Materials and methods

ALDH7A1 protein expression and purification

ALDH7A1 was expressed and purified as previously described [25]. The final storage buffer for protein samples - i.e. the SEC mobile phase - contained 50 mM Tris (pH 7.8), 50 mM NaCl, 0.5 mM dithiothreitol (DTT), and 5% (v/v) glycerol. For analytical ultracentrifugation analysis, protein was used without freezing.
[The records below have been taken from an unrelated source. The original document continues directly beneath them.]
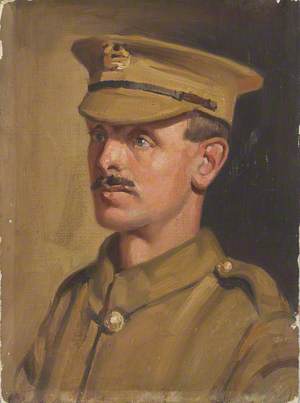 Private Grant, Royal Berkshire Regiment, Chesil Beach, Portland, 1917
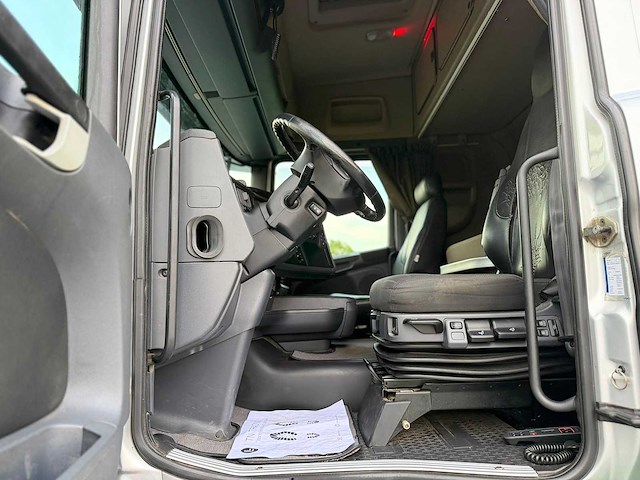 Scania - r450 - vollucht - gestuurde voorloper - vrachtwagen - 2015 - 42-bfn-4 - afbeelding 2 van  24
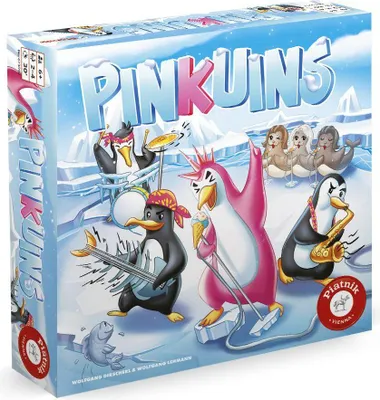Produktbild von Piatnik Pinkuins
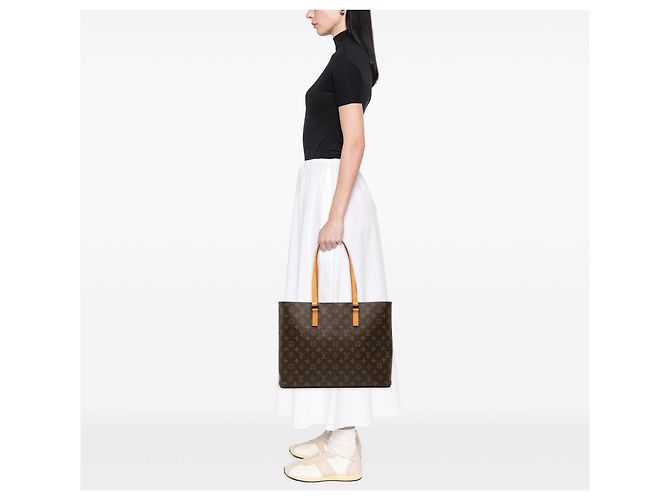Louis Vuitton Luco Monogram Marrone - vista 7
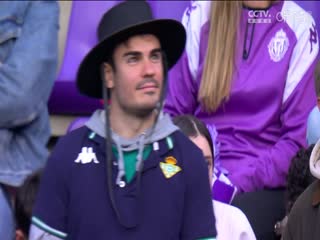 西甲聯(lián)賽 巴拉多利德VS皇家貝蒂斯 20250111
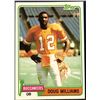 Image 1 : 1981 TOPPS NFL DOUG WILLIAMS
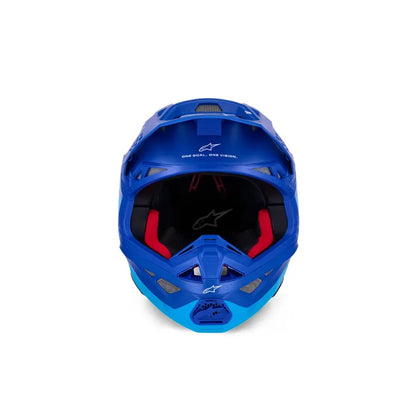 Casco Alpinestars Supertech M10 Flood MIPS® - Blue/Black Carbon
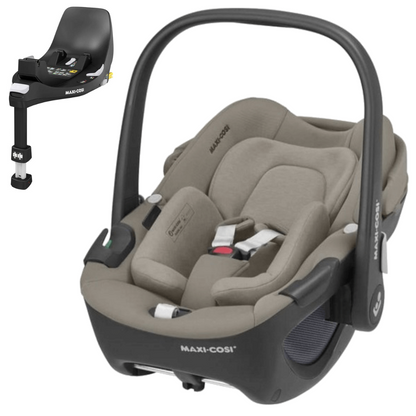 Maxi Cosi PEBBLE 360 I-SIZE - Babyschale 0-13 kg, 40-83 cm + Isofix FAMILYFIX 360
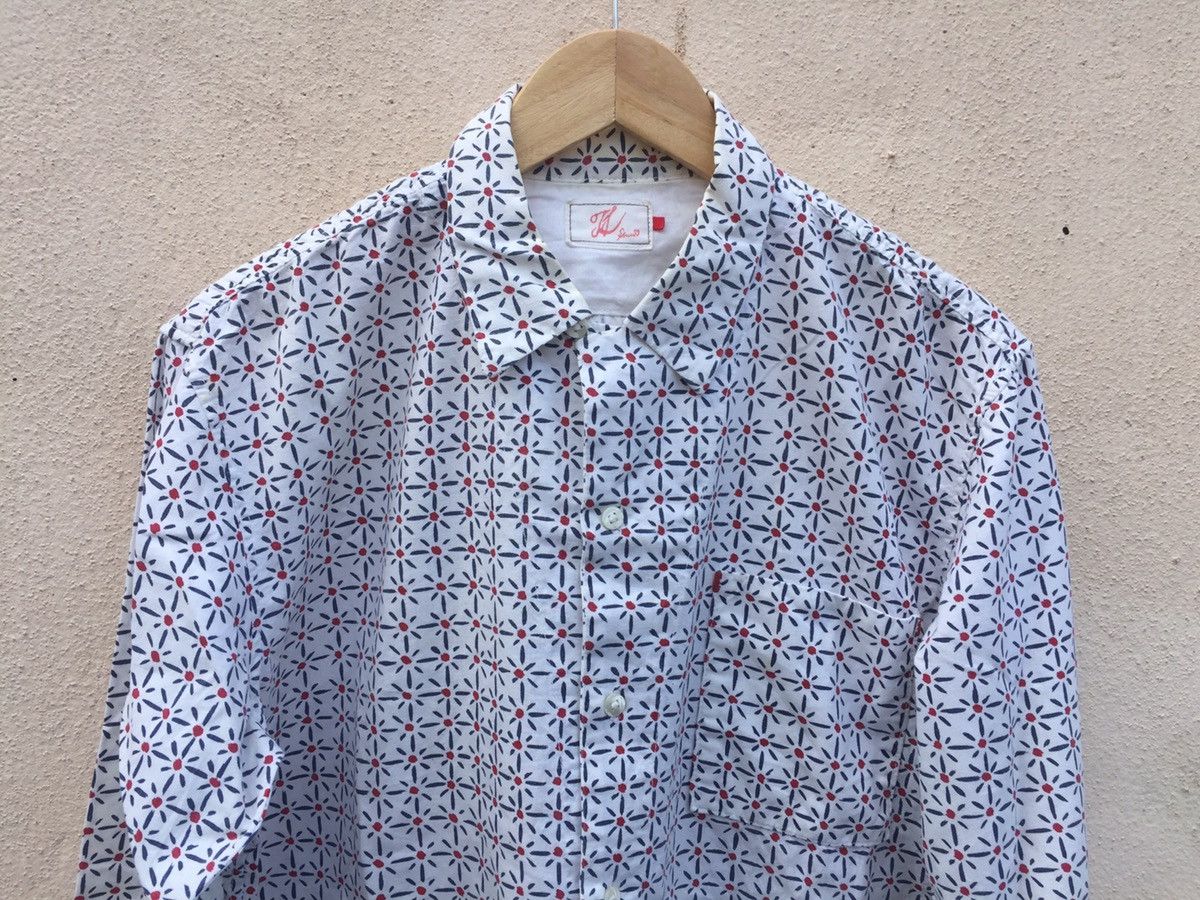 Kapital Kapital Button Up Cotton Shirt Size US M / EU 48-50 / 2 - 2 Thumbnail
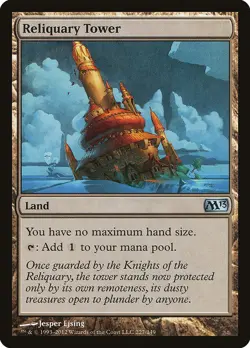 RELIQUARY TOWER x1 mtg LP M13 Magic Core 2013 1 Unc - Image 1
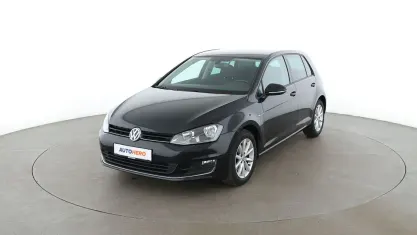Gebraucht VW Golf VII LOUNGE 125 PS (91 kW) 2015 Schwarz Limousine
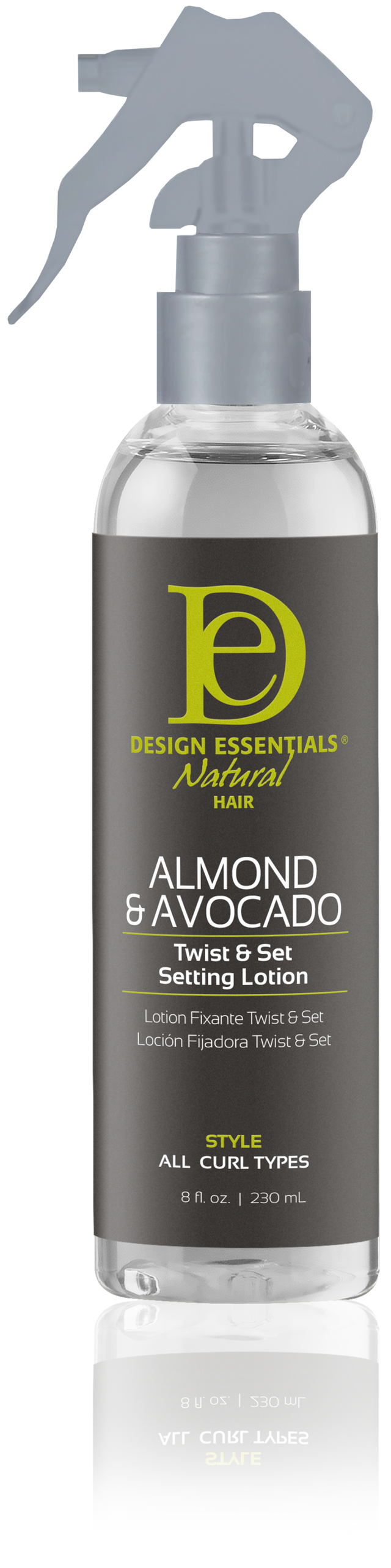 Design Essentials Almond & Avocado Twist & Set Setting Lotion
For all other applications, protein was aliquoted in PCR strip tubes, flash-cooled in liquid nitrogen, and stored at −8000B0030C.

SEC-MALS-SAXS data acquisition and analysis

SAXS experiments were performed at the Advanced Photon Source Sector 18-ID (Argonne National Lab, Chicago, IL, USA) using a 3.5 m camera availing a q range of ~0.005 – 0.38 Å−1. The samples at three nominal protein concentrations ranging from 2 – 8 mg mL−1 (18 – 72 μM by dimer Mr) was loaded onto a Wyatt SEC (1.25 MDa exclusion limit) controlled by an Infinity II HPLC unit (Agilent, Santa Clara, CA, USA). A MALS instrument fitted with a Wyatt DAWN Helios II QELS detector and a Wyatt Optilab T-rEX dRI detector (Wyatt, Goleta, CA, USA) was included in the trajectory between the HPLC UV monitor and the SAXS flow cell. Sample elution and SAXS data acquisition (0.5 s exposures collected every 3 s) occurred simultaneously. MALS and DLS data were processed using the ASTRA software package (Wyatt, Goleta, CA, USA) and the SAXS data were reduced to I(q) vs. q curves (q = 4πsinθ / λ, where 2θ = scattering angle and λ = 1.03 Å). Exposures flanking the elution peak were averaged to generate the I(q) vs. q curve for the buffer, which was then subtracted from the elution peak curves to obtain the sample SAXS curve. Experimental SAXS curves were processed and averaged using ATSAS [28]. We note that each sample eluted as a single SEC peak - i.e. separate dimer and tetramer peaks were not observed. For reference, the SEC-MALS profiles are shown in Fig. S1.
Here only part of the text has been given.